Ruolo dell’ecocardiografia bidimensionale nello studio degli aneurismi del setto membranoso associati a difetti del setto I-V di tipo perimembranoso


VITTORIO DALL’AGLIO - GIAN LUIGI NICOLOSI - CLAUDIO BURELLI - FABIO ZARDO
DANIELA PAVAN - CHIARA LESTUZZI - DOMENICO ZANUTTINI


Relazione presentata al II Congresso Nazionale di Ecocardiografia della Società Italiana di Ecografia Cardiovascolare
Roma 10-12 aprile 1985.
 

TWO-DIMENSIONAL ECHOCARDIOGRAPHIC ASSESSMENT OF VENTRICULAR SEPTAL ANEURYSMS
Spontaneous closure of ventricular septal defects (V.S.D.) is frequently associated with aneurysm of the membranous septum (A.M.S.).
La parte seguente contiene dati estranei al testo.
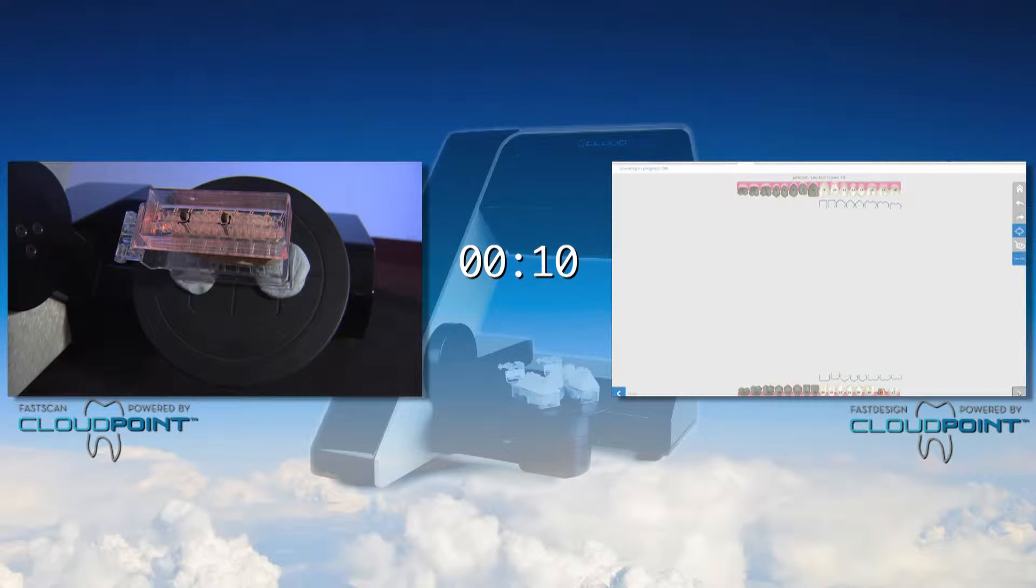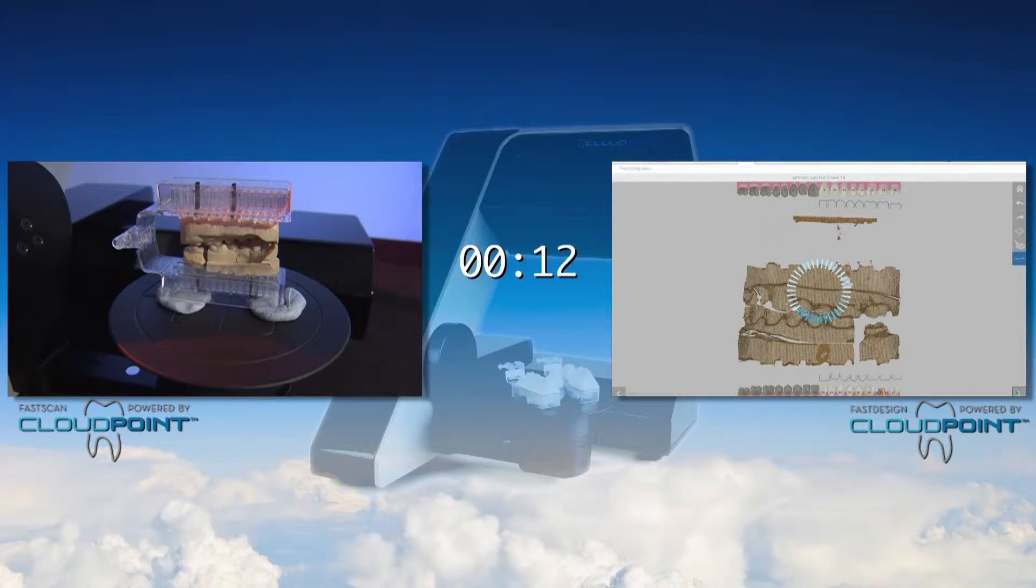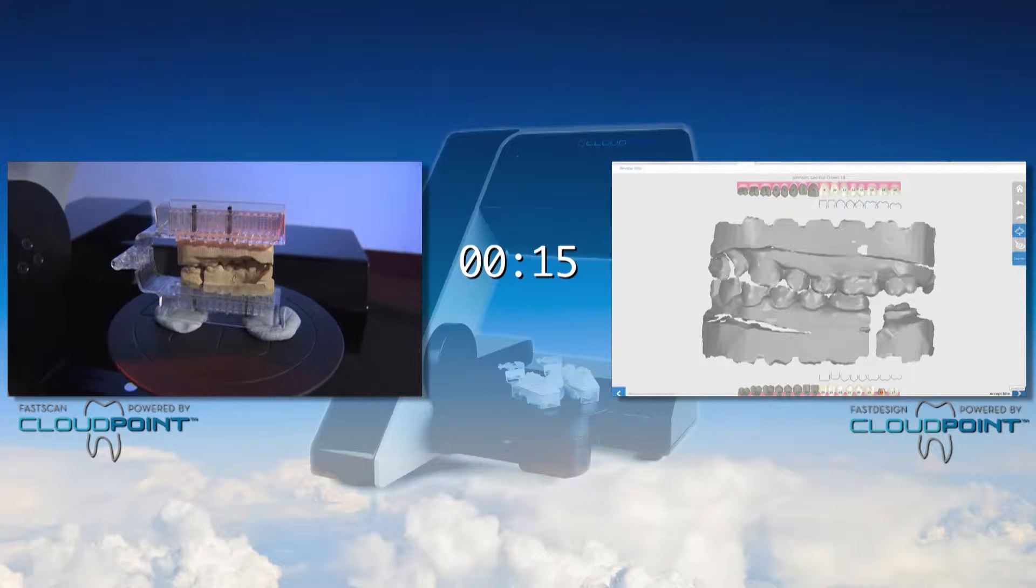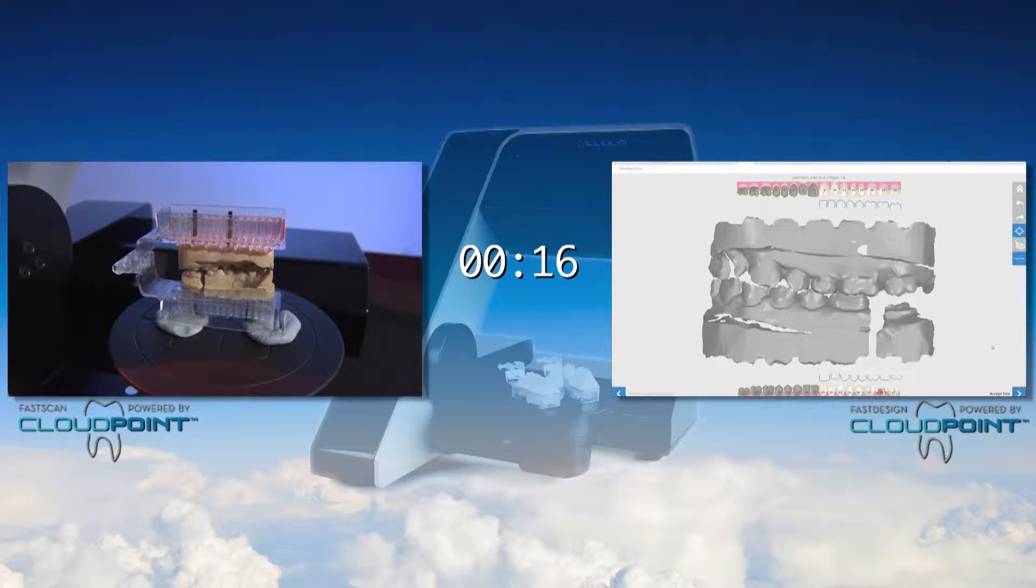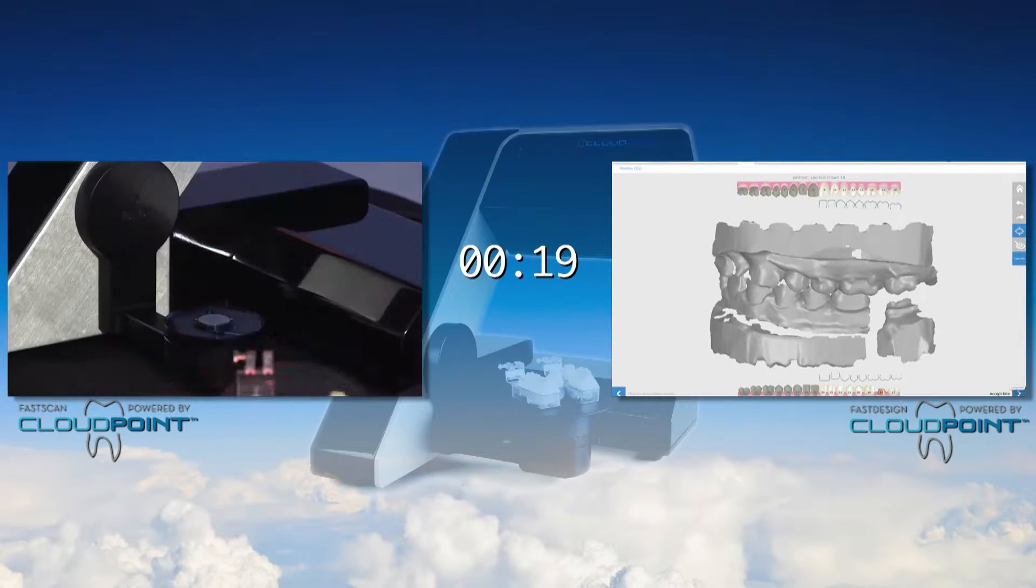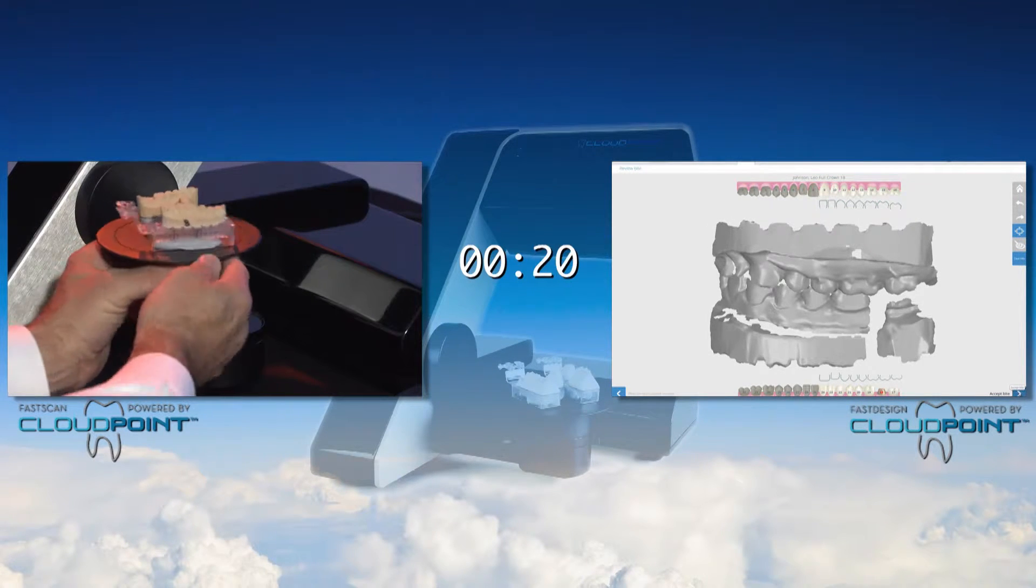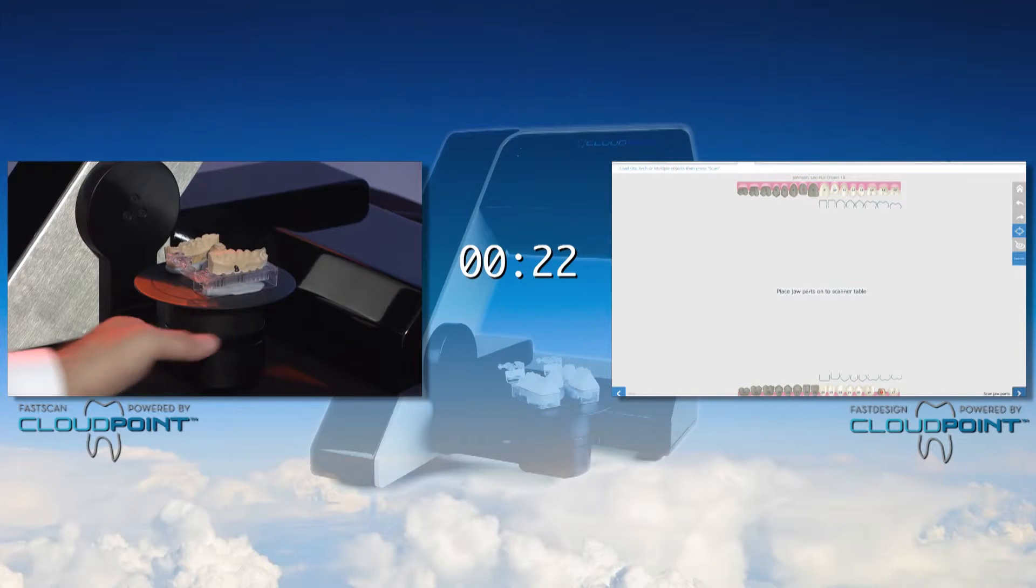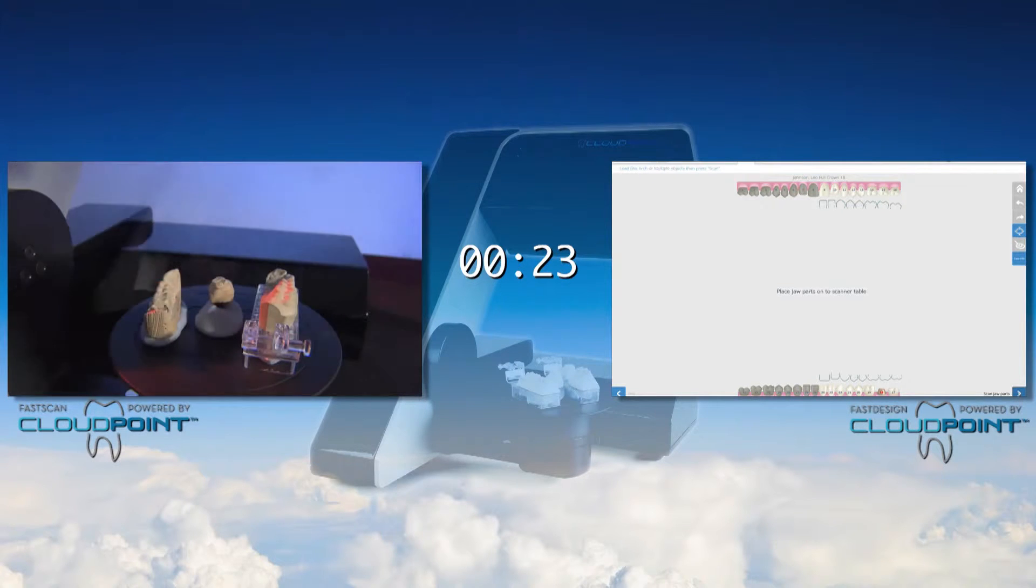It only takes a few seconds to scan the bite registration. As this is accomplished the bite scan will appear on the monitor for you to evaluate. The plate is placed firmly onto the scanner which has a magnetic attachment.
However, the presence of A.M.S. may not be always indicative of closure or diminution of the size of V.S.D.. The purpose of this paper is to present the role of two-dimensional echocardiography (2D E) in the identification and assessment of A.M.S.. The dimensions, morphology and motion of A.M.S. during the cardiac cycle was also analyzed frame by frame by the 2D E technique. 20 cases of A.M.S. associated with perimembranous V.S.D. are included in this study.
The most useful echocardiographic section in the assessment of A.M.S. was the apical four-chamber view with slight cranial angulation (sensitivity = 100%). The frame-by-frame analysis of A.M.S. motion during the cardiac cycle may give useful informations concerning the hemodynamic and physiopathologic abnormalities associated with the underlying congenital heart diseases. We conclude the 2D E seems to be useful in the identification and assessment of A.M.S. associated with perimembranous V.S.D.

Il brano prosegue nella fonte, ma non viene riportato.